注目度の高いロードバイクを5台選んだ

 スポーツサイクル業界では、夏から秋にかけて来期モデルが続々と発表される。そこで今回は、すでに発表が行われたブランドから注目度の高いモデルを選んだ。まずは上編としてロードバイクから紹介していこう。

ロードバイクの新潮流

 ここ数年、ロードバイクを取り巻くトレンドは大きく2つある。ひとつ目はディスクブレーキの採用。ロードバイクでは長らくリムブレーキ(リムと呼ばれる車輪の縁をゴム部品で挟み込むことで減速、停止する方式)が主流となっていたが、5年ほど前からマウンテンバイクと同様、ディスクブレーキを採用するモデルが登場し、いまではエキスパート向けのハイエンドモデルからエントリー向けのモデルに至るまで幅広く普及が進んでいる。
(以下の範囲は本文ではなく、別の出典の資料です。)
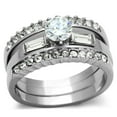 thumbnail image 1 of High polished (no plating) Stainless Steel Ring with AAA Grade CZ in Clear for Women Clear Stone Color Style TK973 Size 5, 1 of 5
 ディスクブレーキはリムブレーキに比べて繊細なコントロールがしやすく、雨天時でも安定した制動力を発揮できるのが大きなメリットである。さらに油圧式のものは少ない握力でも充分な制動力を発揮できるため、手に負担のかかる長い下り坂でもラクに走ることができる。

 2つ目は「グラベルバイク」という新しいカテゴリーの成立である。グラベルバイクはその名の通りグラベル(砂利道)も走れるよう設計されたロードバイクのこと。100キロを超えるような長距離走行にも対応するため、ドロップハンドルを採用するのはロードバイクと同じだが、上半身が直立気味のアップライトなポジションや太めのタイヤ、ディスクブレーキ、低中速重視のギア比、キャリアを取り付けるための台座を装備することで汎用性を向上させているのが大きな違いだ。分かりやすくいえば、ロードバイクに少しだけマウンテンバイクのエッセンスを加えたような自転車である。

 登場当初はマニアックな存在だったが、これ⼀台で通勤からトレーニング、山道を含むツーリングまで様々な用途に対応できることから少しずつ⼈気が広がり、現在では各社が新型車を投入するひとつのカテゴリーとして定着した。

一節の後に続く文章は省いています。